THE RECORDS:
◇ ◇ ◇

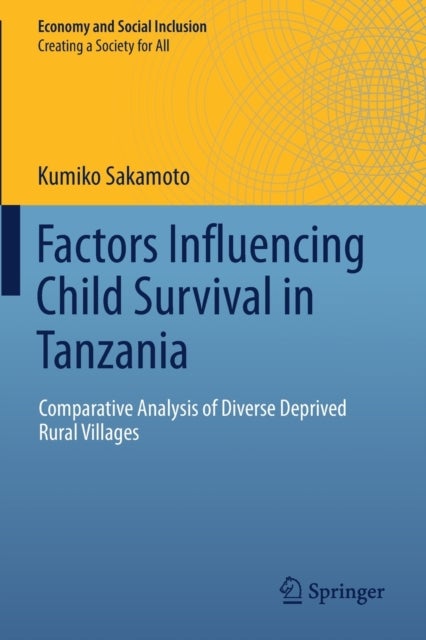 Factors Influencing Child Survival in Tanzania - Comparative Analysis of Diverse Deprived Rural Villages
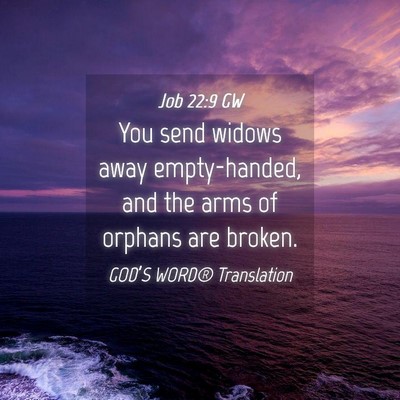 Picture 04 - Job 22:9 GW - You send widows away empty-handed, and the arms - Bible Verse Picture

◇ ◇ ◇

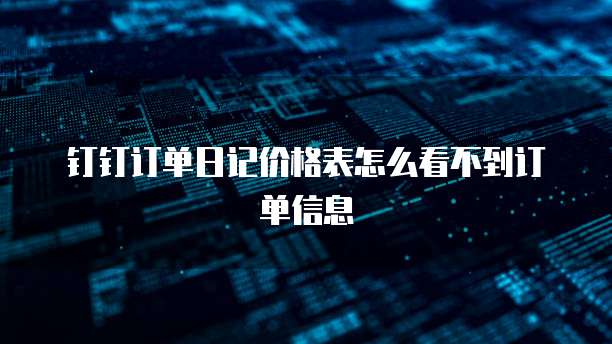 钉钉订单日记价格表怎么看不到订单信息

◇ ◇ ◇

WHAT TO DO: Reproduce the lines above beginning at the line that contains "Factors Influencing Child" and ending at the line that contains "Picture 04 - Job". No pictures.

YOUR RESPONSE:
 Factors Influencing Child Survival in Tanzania - Comparative Analysis of Diverse Deprived Rural Villages
 Picture 04 - Job 22:9 GW - You send widows away empty-handed, and the arms - Bible Verse Picture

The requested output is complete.